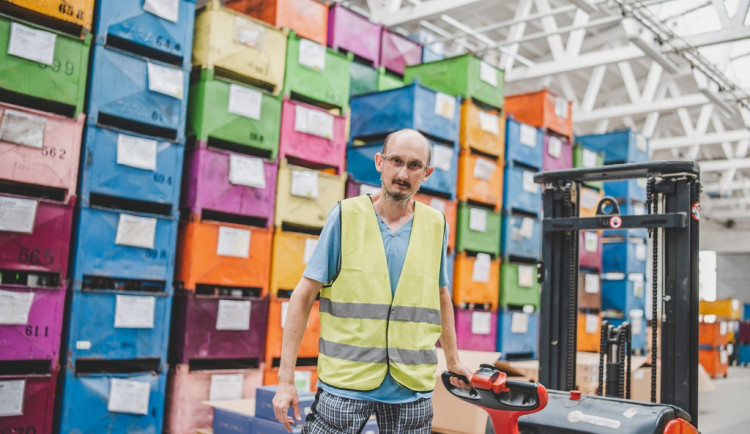 Pro lidi se zdravotním omezením není lehké sehnat dobré zaměstnání. Já se do práce každý den těším, říká zaměstnanec Kenting Service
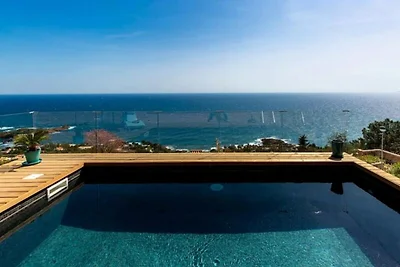 Villa an der Côte d’Azur mit Meerblick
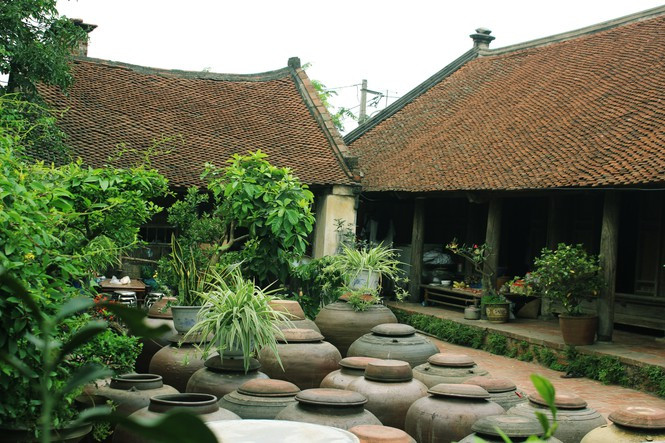 Ngôi nhà đã trải qua 14 đời sinh sống và nổi tiếng với nghề làm tương.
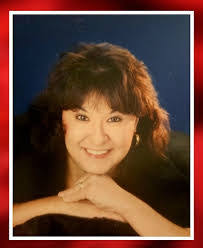 Mary Ponce's Instagram, Twitter & Facebook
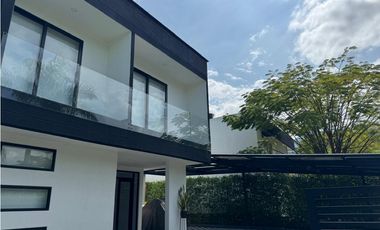 EN VENTA CASA AMOBLADA EN SAN JERONIMO ANTIOQUIA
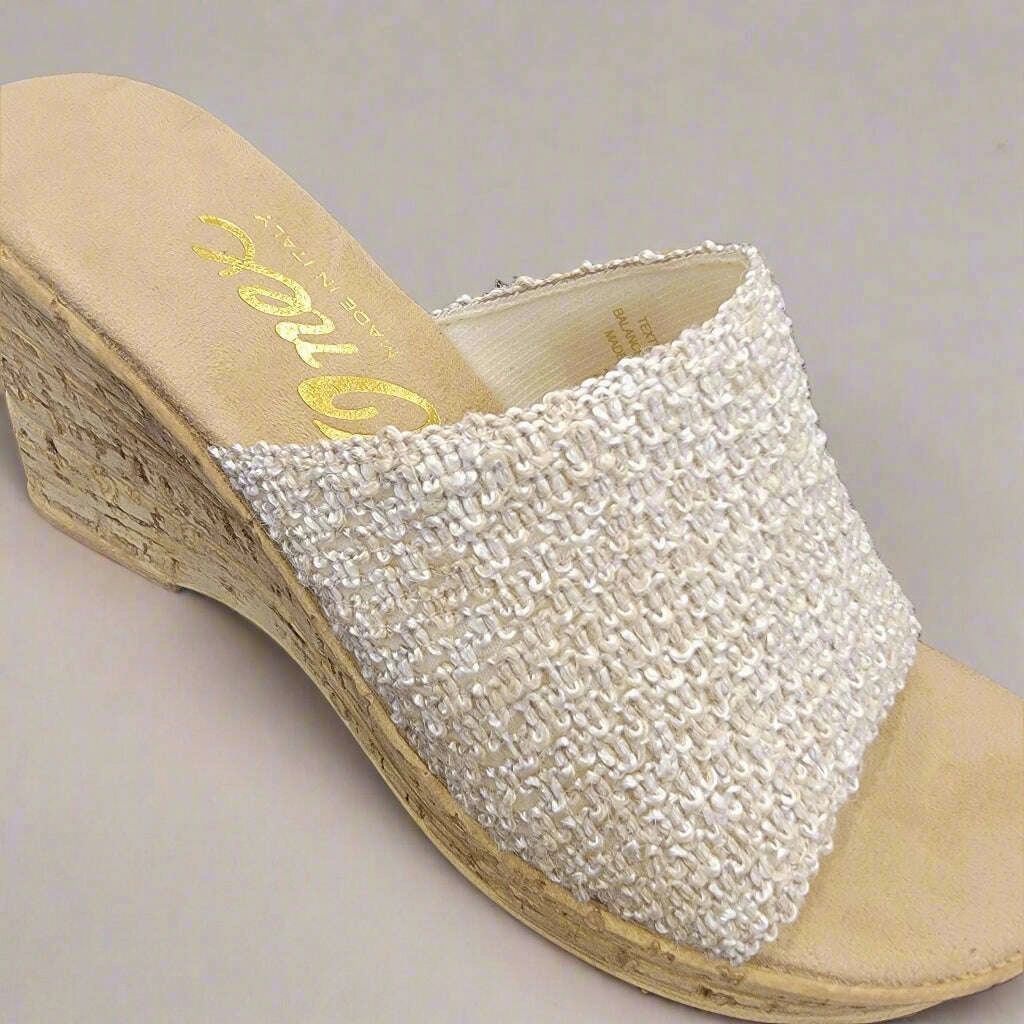 Dr Martens Maybole Square Toe Mary Jane Shoes ONEX - Bianca - Natural Straw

──────────

WORK REQUIRED:
Beginning with the line that contains "EN VENTA CASA" and ending with the last line of the data above, output those lines exactly and nothing more, without any pictures.

EXPECTED OUTPUT:
 EN VENTA CASA AMOBLADA EN SAN JERONIMO ANTIOQUIA
 Dr Martens Maybole Square Toe Mary Jane Shoes ONEX - Bianca - Natural Straw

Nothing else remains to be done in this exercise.